**EXERCISE PROMPT:** Copy the data that appears below exactly. Drop the pictures.

**STORED DATA:**
Start of Block

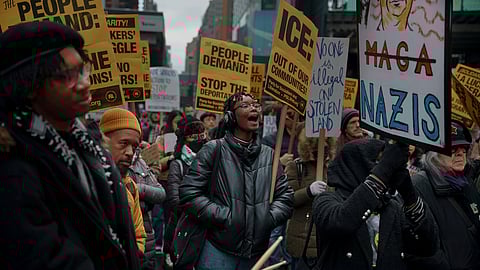 Protesters shout slogans during a pro-migrant rally, demanding an end to deportations on Sunday, Feb. 9, 2025, in New York.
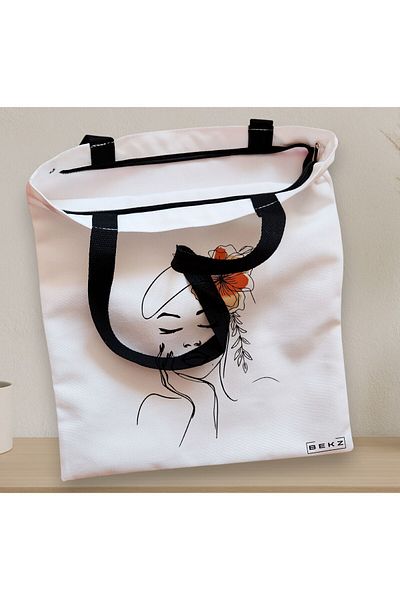 BEKZ Textile Bag With Zipper, Tote Bag, Flower Lady 13, 38x34.5 Cm, ​​White, ®
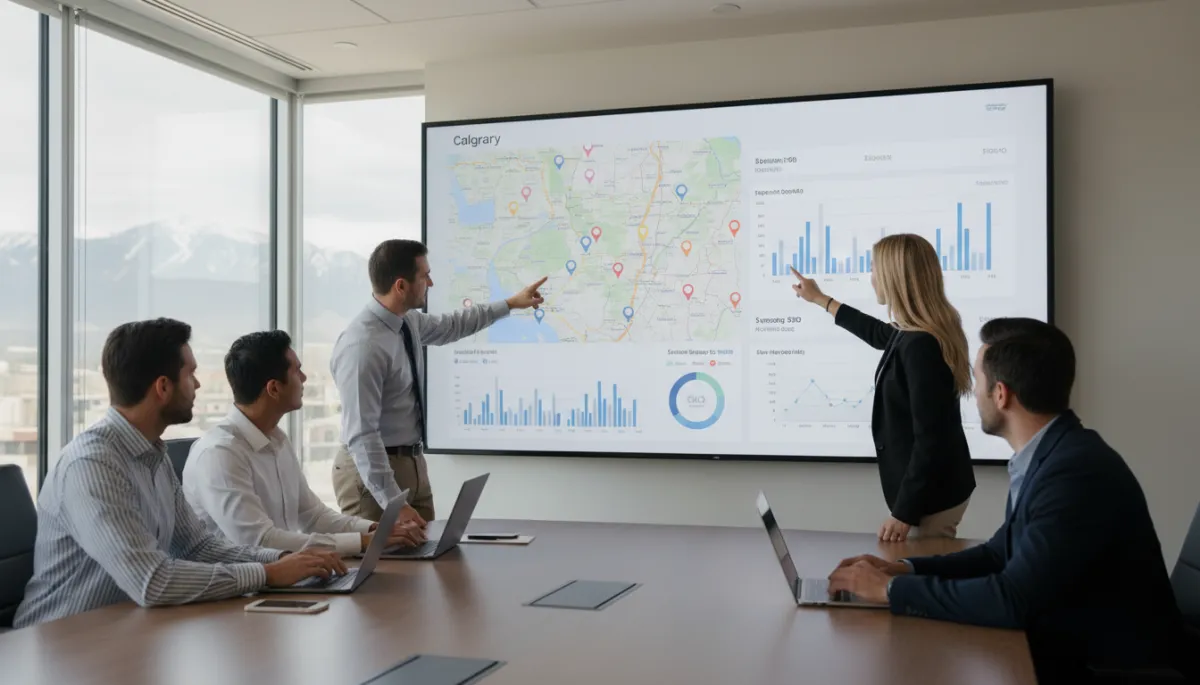Marketing team reviewing Calgary local SEO rankings and analytics Marketing team reviewing Calgary local SEO rankings and analytics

End of Block

**WRITTEN ANSWER:**
 Protesters shout slogans during a pro-migrant rally, demanding an end to deportations on Sunday, Feb. 9, 2025, in New York.
 BEKZ Textile Bag With Zipper, Tote Bag, Flower Lady 13, 38x34.5 Cm, ​​White, ®
Marketing team reviewing Calgary local SEO rankings and analytics Marketing team reviewing Calgary local SEO rankings and analytics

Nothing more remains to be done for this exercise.